INFORMATION –
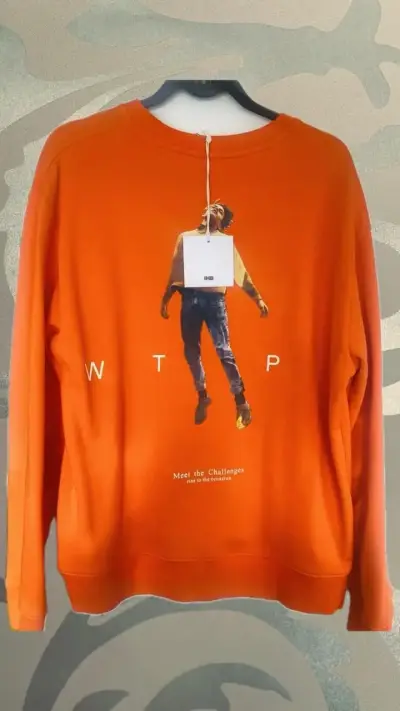 Polerón naranja con diseño gráfico WTPS - miniatura 1
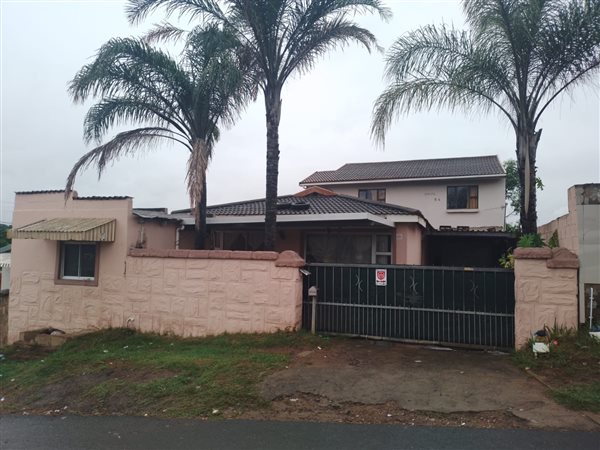 5 Bed House in Newlands East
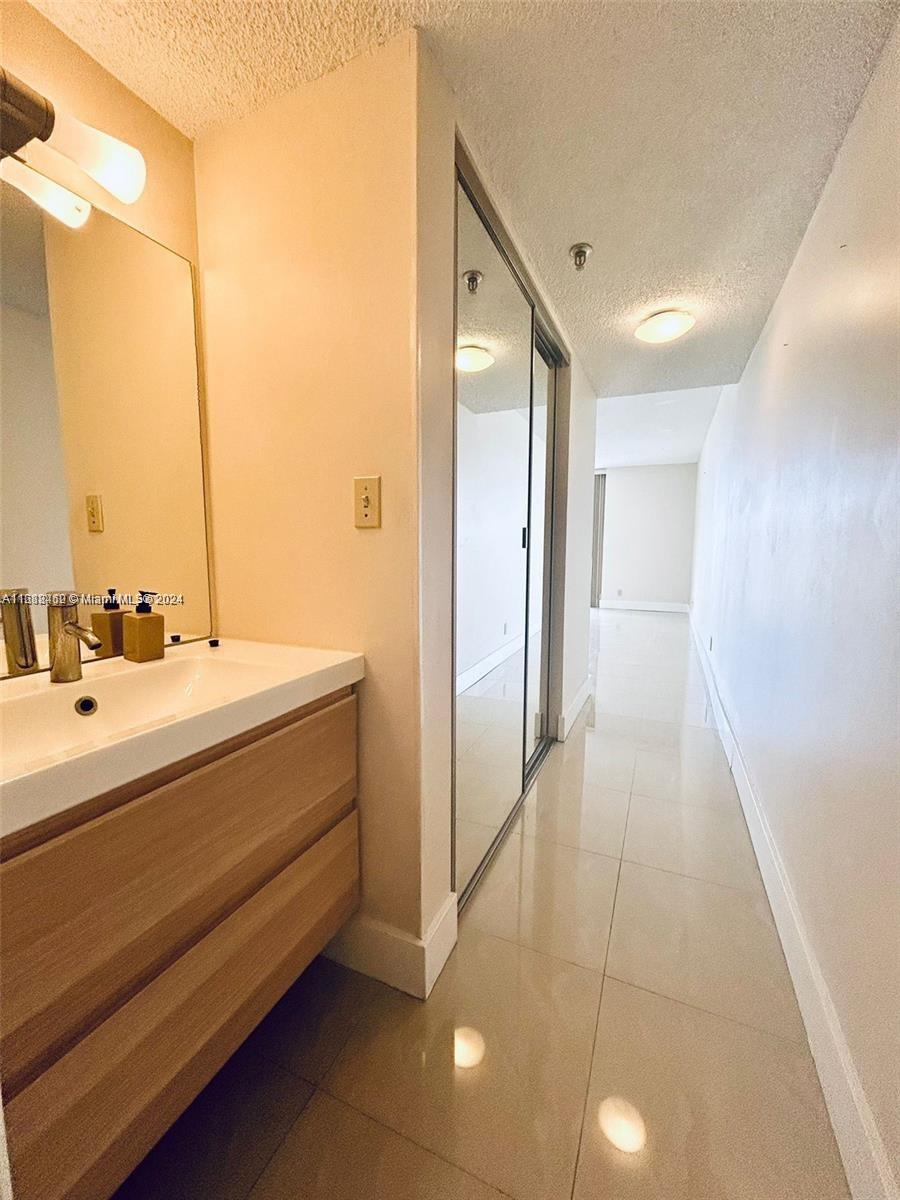 A11688462 Property Photo 6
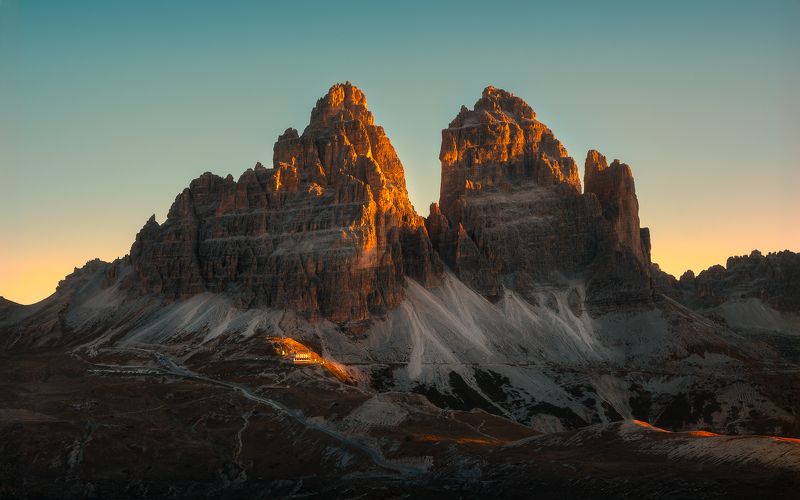 #landscape #nature #mountain  #sunrise #sunset #sundown #peak #italy #nature #light The famous tooth фото превью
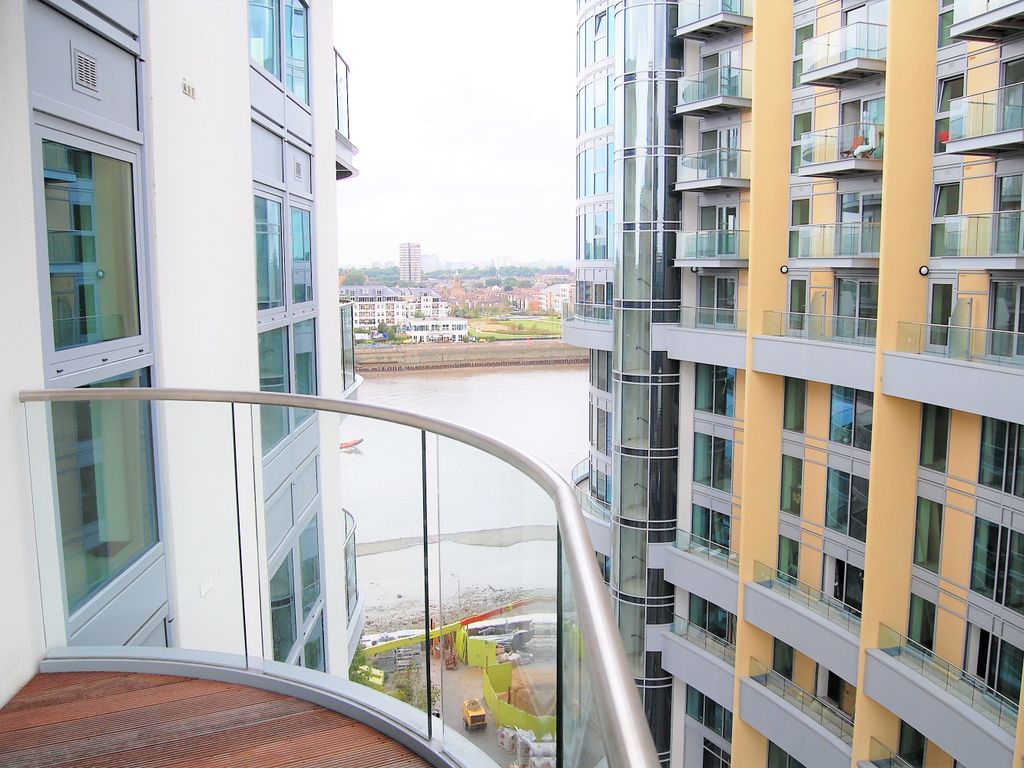 1 bed flat for sale in Orbis Tower, Bridges Wharf, Bridges Court Road, Wandsworth, London SW11, £415,000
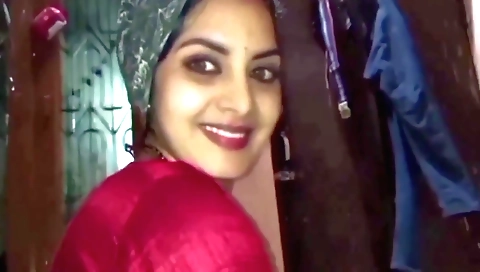 Indian girl gets penetrated in her bedroom with husband's stepbrother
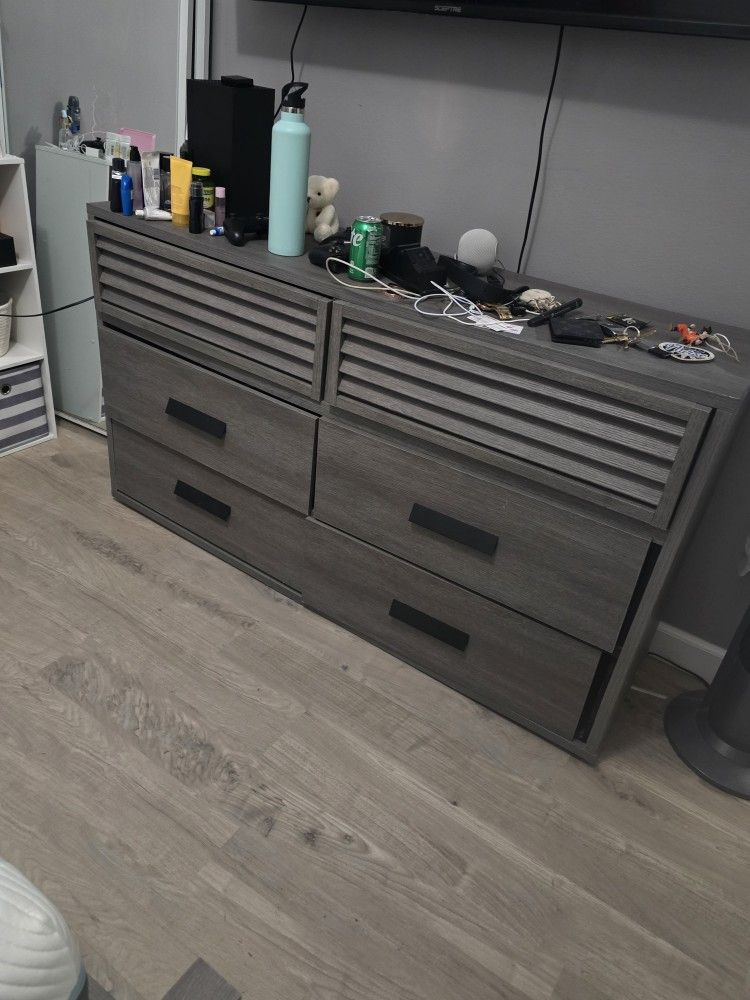 Free Dresser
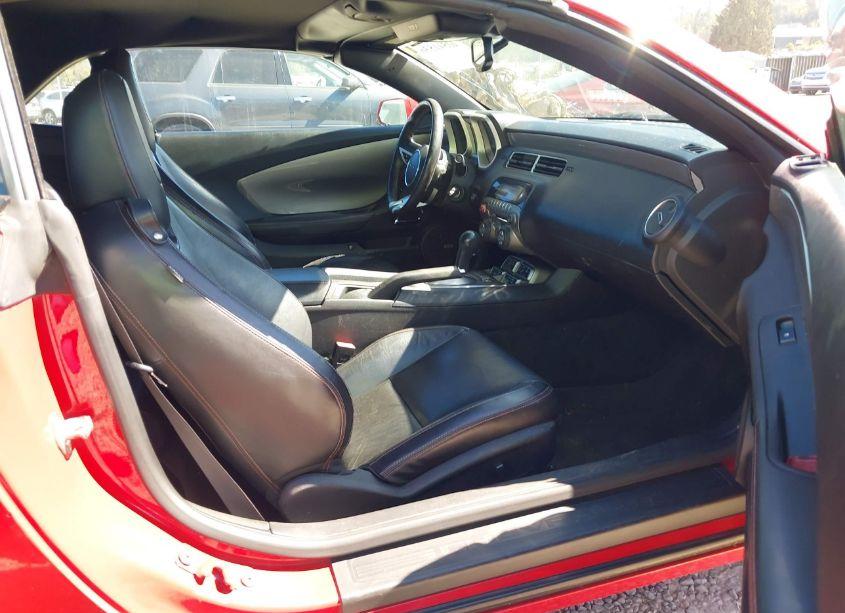 Photo 5 of 2011 Chevrolet Camaro 2LT (VIN 2G1FC3DD8B9186565)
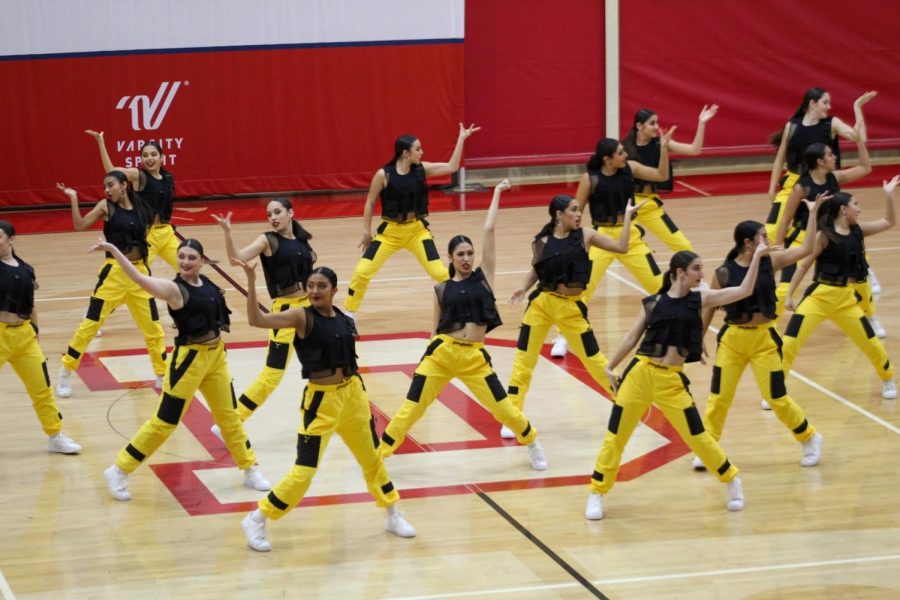 The Downey High School’s Dance Team showed off their skills on January 25 at the USA Dance Regionals. One of the team captains, Juliana Rincon, 12, made sure to do her part throughout all the dances. “I had to prepare myself mentally about a week prior to competition,” Rincon said. “I feel so many emotions before I’m about to go on, mostly nervous, but I know win or lose, I’ll always have my squad.”
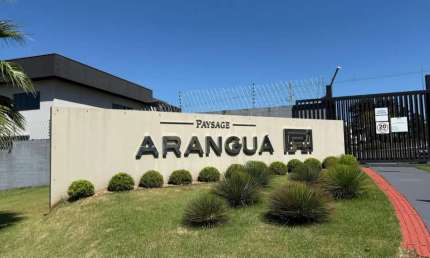 Casa à Venda e Aluguel no Condomínio Paysage Araguá com 3 suítes em Londrina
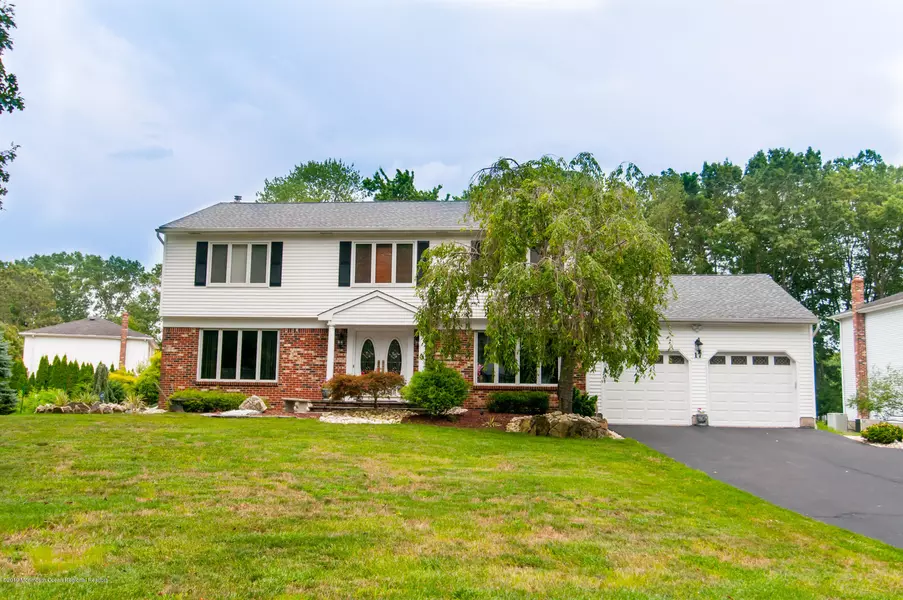 17 Blackfoot Drive, Manalapan, NJ 07726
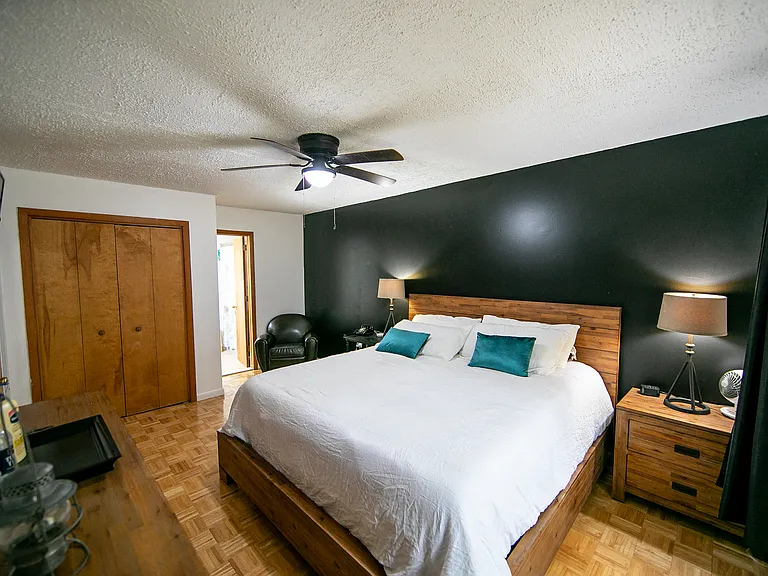 115 Sterling Cir — Photo 25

REQUIRED WORK –
Exactly the lines above from the one that contains "A11688462 Property Photo 6" down to the one that contains "Photo 5 of 2011" are to be output, both ends kept and pictures omitted.

WRITTEN ANSWER –
 A11688462 Property Photo 6
 #landscape #nature #mountain  #sunrise #sunset #sundown #peak #italy #nature #light The famous tooth фото превью
 1 bed flat for sale in Orbis Tower, Bridges Wharf, Bridges Court Road, Wandsworth, London SW11, £415,000
 Indian girl gets penetrated in her bedroom with husband's stepbrother
 Free Dresser
 Photo 5 of 2011 Chevrolet Camaro 2LT (VIN 2G1FC3DD8B9186565)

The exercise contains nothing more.